Parenting

Those Free-Range Kids: A Neighbor Weighs In

by Laurie Ulster
Updated: 
Originally Published: 

Everyone’s still talking about the Meitivs, “the free-range kids,” who have been picked up multiple times by Child Protective Services or police for walking around their Maryland neighborhood alone. Up until now, I felt only compassion for the parents of these wonderfully independent kids, and wondered if they were being spied on by their over-vigilant, interfering neighbors.

But one of these neighbors, Jessica Roake, has painted a slightly different picture of what’s been happening. She notes the media attention, including the family’s Today Show appearance, and bristles at the characterization of herself and her other neighbors as busybodies who are turning the neighborhood into a police state. “There are no roaming bands of snitches stalking free-range kids around our neighborhoods,” she says.

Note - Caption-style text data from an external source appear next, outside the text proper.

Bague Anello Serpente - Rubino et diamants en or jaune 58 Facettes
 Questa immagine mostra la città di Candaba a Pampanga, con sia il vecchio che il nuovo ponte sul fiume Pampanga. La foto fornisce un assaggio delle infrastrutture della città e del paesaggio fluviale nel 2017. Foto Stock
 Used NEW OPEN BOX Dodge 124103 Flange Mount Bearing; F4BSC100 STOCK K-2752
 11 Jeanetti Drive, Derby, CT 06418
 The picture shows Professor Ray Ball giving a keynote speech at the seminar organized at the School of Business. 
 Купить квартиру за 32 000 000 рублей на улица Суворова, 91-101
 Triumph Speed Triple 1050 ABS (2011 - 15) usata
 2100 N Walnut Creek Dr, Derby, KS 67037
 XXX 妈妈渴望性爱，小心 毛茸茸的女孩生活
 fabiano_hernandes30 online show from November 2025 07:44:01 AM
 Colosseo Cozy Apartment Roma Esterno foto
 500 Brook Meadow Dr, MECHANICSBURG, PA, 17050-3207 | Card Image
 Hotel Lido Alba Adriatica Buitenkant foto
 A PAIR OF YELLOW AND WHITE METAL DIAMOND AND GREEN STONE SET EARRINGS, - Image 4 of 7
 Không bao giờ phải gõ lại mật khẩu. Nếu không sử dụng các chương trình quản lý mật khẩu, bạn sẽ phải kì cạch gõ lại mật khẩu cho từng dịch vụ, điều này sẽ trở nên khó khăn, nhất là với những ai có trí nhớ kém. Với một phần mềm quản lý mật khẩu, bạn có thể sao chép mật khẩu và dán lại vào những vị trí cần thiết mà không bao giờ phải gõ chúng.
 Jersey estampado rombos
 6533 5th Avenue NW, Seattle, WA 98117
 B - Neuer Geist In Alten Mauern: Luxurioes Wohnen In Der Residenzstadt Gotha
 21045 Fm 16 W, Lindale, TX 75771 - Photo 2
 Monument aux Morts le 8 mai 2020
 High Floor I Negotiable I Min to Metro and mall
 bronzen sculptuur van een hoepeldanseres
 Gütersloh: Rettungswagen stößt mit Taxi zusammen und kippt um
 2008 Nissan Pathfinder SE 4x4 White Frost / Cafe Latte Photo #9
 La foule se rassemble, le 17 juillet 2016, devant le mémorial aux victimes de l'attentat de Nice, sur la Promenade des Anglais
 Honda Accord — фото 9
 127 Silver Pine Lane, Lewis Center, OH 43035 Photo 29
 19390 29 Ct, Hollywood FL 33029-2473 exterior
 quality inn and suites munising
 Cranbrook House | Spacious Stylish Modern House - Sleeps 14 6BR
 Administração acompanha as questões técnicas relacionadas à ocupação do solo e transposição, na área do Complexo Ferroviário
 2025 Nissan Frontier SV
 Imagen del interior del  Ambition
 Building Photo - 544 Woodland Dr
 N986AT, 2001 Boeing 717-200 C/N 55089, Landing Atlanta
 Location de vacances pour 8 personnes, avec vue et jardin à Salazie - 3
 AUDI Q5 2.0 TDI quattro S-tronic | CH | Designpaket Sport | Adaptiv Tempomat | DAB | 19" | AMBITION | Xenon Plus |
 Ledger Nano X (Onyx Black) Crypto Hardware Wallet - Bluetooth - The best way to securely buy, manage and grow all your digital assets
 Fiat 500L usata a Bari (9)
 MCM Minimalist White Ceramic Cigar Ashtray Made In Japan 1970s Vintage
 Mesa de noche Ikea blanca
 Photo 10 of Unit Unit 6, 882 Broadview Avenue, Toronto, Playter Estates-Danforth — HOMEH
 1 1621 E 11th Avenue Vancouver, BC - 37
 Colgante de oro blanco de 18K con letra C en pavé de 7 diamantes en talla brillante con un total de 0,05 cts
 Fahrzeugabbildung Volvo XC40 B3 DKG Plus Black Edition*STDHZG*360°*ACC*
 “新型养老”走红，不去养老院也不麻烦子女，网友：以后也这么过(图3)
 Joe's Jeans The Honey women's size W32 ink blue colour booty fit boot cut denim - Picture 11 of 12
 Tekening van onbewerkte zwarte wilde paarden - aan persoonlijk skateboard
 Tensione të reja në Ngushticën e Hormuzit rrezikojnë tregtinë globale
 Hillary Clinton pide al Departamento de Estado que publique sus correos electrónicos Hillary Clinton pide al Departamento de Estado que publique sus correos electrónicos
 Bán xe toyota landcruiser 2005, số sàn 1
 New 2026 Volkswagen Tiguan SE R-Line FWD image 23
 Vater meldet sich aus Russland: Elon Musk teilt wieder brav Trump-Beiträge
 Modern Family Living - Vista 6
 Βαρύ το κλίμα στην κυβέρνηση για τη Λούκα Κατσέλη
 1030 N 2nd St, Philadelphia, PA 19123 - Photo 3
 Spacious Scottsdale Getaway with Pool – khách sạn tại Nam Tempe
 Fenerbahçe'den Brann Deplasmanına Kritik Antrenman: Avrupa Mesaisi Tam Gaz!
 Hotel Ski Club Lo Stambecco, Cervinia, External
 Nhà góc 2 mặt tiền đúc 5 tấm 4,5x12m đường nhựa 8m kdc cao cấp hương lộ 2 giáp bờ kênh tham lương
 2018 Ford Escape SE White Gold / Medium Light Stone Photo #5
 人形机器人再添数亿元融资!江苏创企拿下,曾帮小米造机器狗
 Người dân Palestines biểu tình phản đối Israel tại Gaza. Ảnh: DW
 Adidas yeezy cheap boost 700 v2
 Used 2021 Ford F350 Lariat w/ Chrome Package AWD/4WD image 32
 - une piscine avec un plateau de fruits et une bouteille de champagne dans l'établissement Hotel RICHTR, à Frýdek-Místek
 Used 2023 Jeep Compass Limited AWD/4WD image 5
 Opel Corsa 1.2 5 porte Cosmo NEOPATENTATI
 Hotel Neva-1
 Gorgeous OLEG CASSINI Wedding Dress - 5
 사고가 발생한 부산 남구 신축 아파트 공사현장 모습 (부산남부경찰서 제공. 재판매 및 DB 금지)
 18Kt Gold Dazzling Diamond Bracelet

The Meitiv kids, by all local accounts, are nice, normal kids. Since Roake doesn’t know the family personally, she talked to 12 parents who do. They told her about conflicts on the playground that required parental intervention, truck drivers who had to hit the brakes hard to avoid hitting the kids when they crossed without looking both ways, and a time the kids were escorted “through the crowd at the Takoma Folk Festival to look for their parents because they didn’t know where they were.”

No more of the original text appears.